→ Dataset section:
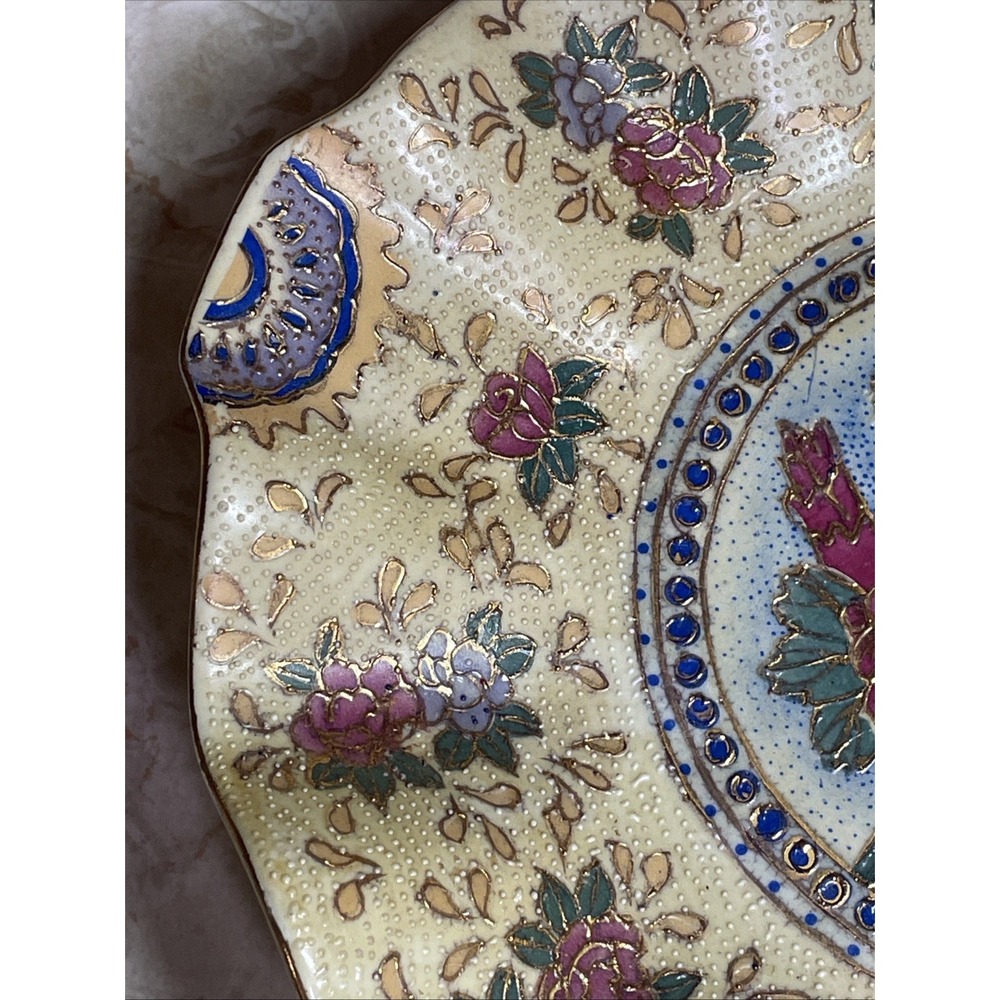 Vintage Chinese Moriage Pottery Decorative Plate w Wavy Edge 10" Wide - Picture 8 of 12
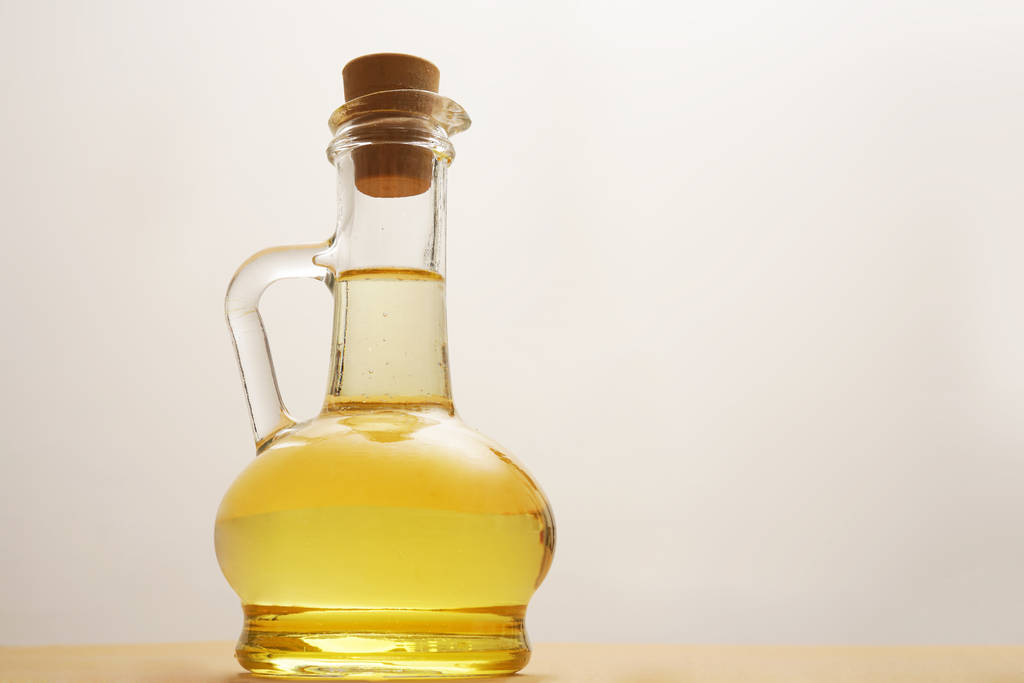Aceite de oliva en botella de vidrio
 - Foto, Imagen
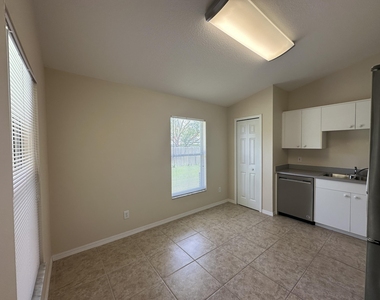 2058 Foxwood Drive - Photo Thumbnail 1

→ Problem details:
Only what runs from the line with "- Foto, Imagen" through the last line of the listing above belongs in the answer, set down exactly and free of pictures.

→ Written answer:
 - Foto, Imagen
 2058 Foxwood Drive - Photo Thumbnail 1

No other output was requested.